--- START ---
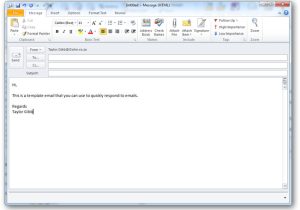 Using Email Templates In Outlook 2010 How to Create and Use Templates In Outlook 2010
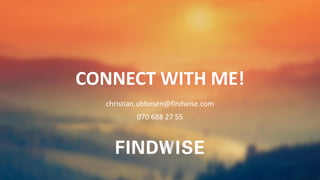 CONNECT WITH ME!
christian.ubbesen@findwise.com
070 688 27 55
 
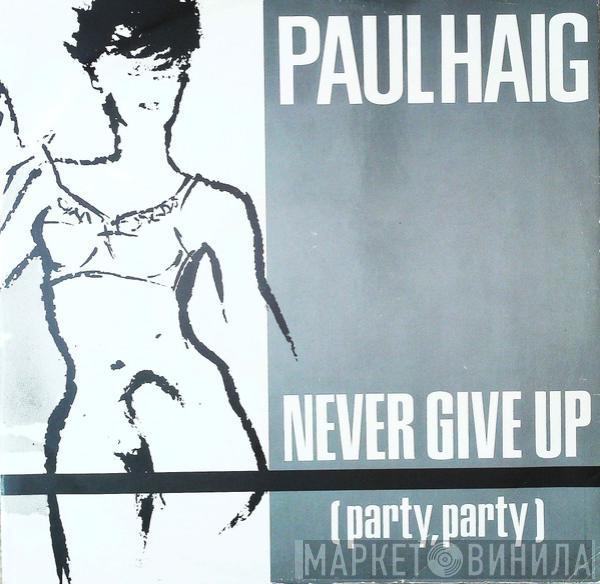 Paul Haig - Never Give Up (Party, Party)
--- END ---
EXERCISE PROMPT
Give the entries above again word for word, without the pictures.

ANSWER AREA
 Using Email Templates In Outlook 2010 How to Create and Use Templates In Outlook 2010
 CONNECT WITH ME!
christian.ubbesen@findwise.com
070 688 27 55
 
 Paul Haig - Never Give Up (Party, Party)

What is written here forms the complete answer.